Scientists can tell that a meteorite came from Mars rather than an asteroid by looking at its chemical composition. Tiny bubbles of air trapped within rocks reflect the local environment in which those rocks formed, and the air within Martian meteorites is a dead ringer, compositionally speaking, for Mars’s atmosphere.
Herd and his colleagues analyzed data from six Martian meteorites. That might seem like a small sample, but those rocks represent five out of the 10 so-called pairing groups of Martian meteorites found on Earth. Rocks within the same pairing group were likely ejected from the same place on Mars at the same time and therefore were birthed by a single impact event, Herd said.
Linking Martian meteorites with their source crater provides information about provenance, which is key to better understanding these pieces of Mars, said Stephanie Werner, a planetary scientist at the University of Oslo in Norway who was not involved in the research. “We try to find where they come from so we get the context of the rock.”
Herd and his team mined chemical and structural measurements from each meteorite, along with estimates of when each rock originally formed and when it was ejected from Mars. Those data allowed the researchers to winnow down the millions of impact craters that pepper Mars’s surface.
Researchers generally agree that Martian meteorites were likely ejected from the Red Planet within the past 20 million years. That fact was an important starting point to this investigation, Herd said. “The craters that we link to these ejection events must be quite fresh.”
By looking for craters characterized by features that indicate youth—“secondary” craters created by ejected debris, for instance—Herd and his collaborators homed in on roughly 300 craters.
Damaged Goods
The team then looked at shock-related features in each meteorite. “We looked at specific physical damage,” Herd said. That information allowed the researchers to constrain the magnitude of the impact—and therefore the size of the resulting crater—necessary to have imparted that damage. The researchers used those data, along with estimates of the ages of each crater and the age of the surrounding terrain—based on the density of nearby craters—to link the five Martian meteorite pairing groups with their most likely source craters.

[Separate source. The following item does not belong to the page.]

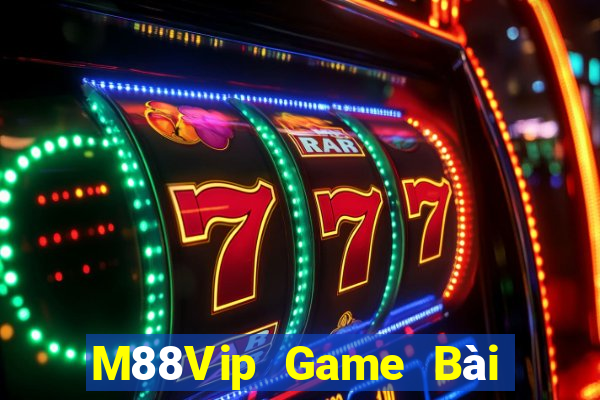 M88Vip Game Bài Nổ Hũ Uy Tín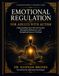 EMOTIONAL REGULATION FOR ADULTS WITH AUTISM: Understanding Your Nervous System, Managing Meltdowns, and Navigating Sensory Overload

Herd and his colleagues pinpointed five craters ranging in diameter from 14 to 39 kilometers (9–24 miles). One, called Tooting, had previously been linked to a Martian meteorite pairing group, but the other four—Chakpar, Corinto, Kotka, and Domoni—are new discoveries.
It’s exciting to think about connecting craters on Mars with Martian meteorites, but there’s a lot of uncertainty in these types of analyses, Werner said. For starters, Herd and his colleagues assumed that the meteorites in their sample were all relatively young rocks, she said. But Werner and some other researchers believe that some Martian meteorites might be billions of years old. “There are different opinions about how old they are,” she said. And that affects where you’d look for a source crater, she added, because some lie on younger terrain and others lie on older terrain.
Herd and his collaborators also pinpointed several fresh craters of sufficient size to have ejected material from Mars’s gravitational field that don’t seem to be connected to any Martian meteorite pairing group. One example is Zunil, a crater 10 kilometers (6 miles) in diameter located in Mars’s northern hemisphere. Perhaps the impacts that created those craters didn’t end up ejecting any material that fell to Earth, or maybe those Martian meteorites are still waiting to be found, Herd and his colleagues concluded. “This is, to me, the most exciting thing about this whole study,” Herd said.